Despite such positive notes, the former federal energy policymakers expressed the need for much greater urgency concerning climate change. Chu noted that if global sea levels rose at all over the past 2,000 years the average annual increase was 0.02 millimeters at most. The current rate, however, is 3 millimeters a year. Meanwhile, the combined costs of all U.S. natural disasters in a given year have risen from around $40 billion in 1980 to about $170 billion in 2011, said Chu, siting insurance industry data.
“And I think this is an understatement, because really big losses that the insurance industry can’t afford to cover, like Hurricane Katrina, get paid for by the U.S. government,” he added. “And government backstop payments aren’t included in the reinsurance data.”
In terms of major federal spending to address climate change proactively, Bingaman said there’s not much appetite in Washington, given the size of the federal deficit, to fund substantial additional spending on infrastructure in the near future.

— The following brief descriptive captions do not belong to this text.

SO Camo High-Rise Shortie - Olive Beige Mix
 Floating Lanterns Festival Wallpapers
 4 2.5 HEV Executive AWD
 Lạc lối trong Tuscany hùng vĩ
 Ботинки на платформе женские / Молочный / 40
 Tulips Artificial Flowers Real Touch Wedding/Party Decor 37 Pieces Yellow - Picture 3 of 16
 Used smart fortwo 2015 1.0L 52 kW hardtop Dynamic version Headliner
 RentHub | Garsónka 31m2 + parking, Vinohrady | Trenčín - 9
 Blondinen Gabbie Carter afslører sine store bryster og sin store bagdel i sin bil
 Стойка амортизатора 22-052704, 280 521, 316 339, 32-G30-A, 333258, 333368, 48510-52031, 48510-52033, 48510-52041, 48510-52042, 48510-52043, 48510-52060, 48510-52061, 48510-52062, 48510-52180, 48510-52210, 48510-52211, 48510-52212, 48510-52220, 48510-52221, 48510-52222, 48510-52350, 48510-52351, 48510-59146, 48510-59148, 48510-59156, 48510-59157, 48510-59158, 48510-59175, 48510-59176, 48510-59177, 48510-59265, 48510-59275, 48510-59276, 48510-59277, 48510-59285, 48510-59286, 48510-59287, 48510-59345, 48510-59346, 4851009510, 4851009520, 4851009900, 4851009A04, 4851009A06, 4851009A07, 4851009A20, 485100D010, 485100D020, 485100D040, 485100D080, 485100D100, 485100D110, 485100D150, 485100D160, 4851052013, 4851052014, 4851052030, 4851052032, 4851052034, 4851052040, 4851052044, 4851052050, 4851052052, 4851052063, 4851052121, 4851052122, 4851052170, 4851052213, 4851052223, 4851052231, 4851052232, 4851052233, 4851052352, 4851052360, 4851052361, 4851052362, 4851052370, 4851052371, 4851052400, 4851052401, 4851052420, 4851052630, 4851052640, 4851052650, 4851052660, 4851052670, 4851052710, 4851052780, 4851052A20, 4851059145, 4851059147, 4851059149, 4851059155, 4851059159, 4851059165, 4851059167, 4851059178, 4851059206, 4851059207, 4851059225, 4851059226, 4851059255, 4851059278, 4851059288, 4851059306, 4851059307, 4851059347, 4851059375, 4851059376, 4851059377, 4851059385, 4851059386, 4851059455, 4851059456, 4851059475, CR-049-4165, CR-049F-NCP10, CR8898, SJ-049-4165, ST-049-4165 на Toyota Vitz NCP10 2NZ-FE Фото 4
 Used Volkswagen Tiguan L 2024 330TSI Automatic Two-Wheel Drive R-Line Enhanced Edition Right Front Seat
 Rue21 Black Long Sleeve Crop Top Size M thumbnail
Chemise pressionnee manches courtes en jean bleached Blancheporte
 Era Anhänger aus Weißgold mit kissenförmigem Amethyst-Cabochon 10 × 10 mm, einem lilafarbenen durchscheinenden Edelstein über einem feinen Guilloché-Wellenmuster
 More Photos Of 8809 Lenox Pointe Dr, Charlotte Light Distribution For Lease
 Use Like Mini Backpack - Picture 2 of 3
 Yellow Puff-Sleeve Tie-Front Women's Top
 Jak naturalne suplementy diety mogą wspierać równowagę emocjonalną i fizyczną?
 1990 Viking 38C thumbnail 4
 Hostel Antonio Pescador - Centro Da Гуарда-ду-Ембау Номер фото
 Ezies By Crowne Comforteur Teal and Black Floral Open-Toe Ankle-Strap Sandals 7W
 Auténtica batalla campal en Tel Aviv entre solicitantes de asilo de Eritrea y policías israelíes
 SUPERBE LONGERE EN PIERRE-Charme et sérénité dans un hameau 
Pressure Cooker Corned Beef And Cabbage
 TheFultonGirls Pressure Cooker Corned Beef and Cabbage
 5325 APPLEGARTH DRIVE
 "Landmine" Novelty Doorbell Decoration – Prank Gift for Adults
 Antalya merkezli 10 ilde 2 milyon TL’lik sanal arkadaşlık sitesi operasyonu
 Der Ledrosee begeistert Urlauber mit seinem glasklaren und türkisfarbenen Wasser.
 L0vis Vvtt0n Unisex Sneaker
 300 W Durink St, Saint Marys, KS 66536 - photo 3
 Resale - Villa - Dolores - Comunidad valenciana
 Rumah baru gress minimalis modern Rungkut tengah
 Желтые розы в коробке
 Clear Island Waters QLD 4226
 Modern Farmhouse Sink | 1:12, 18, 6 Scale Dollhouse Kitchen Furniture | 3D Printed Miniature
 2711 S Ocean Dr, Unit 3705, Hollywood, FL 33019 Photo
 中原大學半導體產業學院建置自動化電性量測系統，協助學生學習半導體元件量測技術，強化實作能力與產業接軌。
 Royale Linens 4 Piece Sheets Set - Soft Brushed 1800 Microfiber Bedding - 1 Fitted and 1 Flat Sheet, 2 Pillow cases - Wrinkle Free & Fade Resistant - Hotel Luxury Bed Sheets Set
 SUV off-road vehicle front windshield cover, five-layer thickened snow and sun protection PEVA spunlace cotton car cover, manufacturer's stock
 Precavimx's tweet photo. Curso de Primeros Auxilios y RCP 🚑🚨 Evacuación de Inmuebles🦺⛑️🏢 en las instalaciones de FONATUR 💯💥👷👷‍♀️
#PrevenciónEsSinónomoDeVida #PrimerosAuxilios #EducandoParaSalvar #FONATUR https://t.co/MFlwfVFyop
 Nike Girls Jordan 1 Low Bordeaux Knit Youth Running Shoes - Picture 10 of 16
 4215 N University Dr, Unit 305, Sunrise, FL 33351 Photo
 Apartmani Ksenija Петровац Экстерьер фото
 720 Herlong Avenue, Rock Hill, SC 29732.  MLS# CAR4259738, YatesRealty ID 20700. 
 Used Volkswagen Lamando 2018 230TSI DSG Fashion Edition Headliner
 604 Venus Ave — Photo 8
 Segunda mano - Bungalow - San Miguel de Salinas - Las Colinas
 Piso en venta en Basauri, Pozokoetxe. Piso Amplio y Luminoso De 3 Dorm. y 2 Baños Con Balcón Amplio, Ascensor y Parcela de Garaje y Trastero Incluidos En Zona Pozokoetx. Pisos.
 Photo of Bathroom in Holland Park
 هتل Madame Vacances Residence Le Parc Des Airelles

Declarations that major U.S. cities can be fully powered by renewable sources in 20 years are unrealistic, Chu, Bingaman, Perry and Sweeney agreed.
“A 10 percent difference in energy cost is a huge deal for a lot of people,” said Chu. “If it’s realistic except for cost, it’s not realistic.”
“Technically you can do it if you don’t care about the cost, the economy or reliability,” Sweeney joked. “And for airplanes you would need a very long extension cord.”
Still the discussion of the major policy issues was serious, as it was for the Silicon Valley Energy Summit’s more specific technology discussions.
“We have a moral responsibility to the most innocent victims of climate change: the poorest citizens of the world and those yet to be born,” Chu said. “What can we do that doesn’t require a lot of federal money to get the energy industry to reinvest in itself? That to me is the $64,000 question.”
(Mark Golden works in communications at the Precourt Energy Efficiency Center at Stanford University.)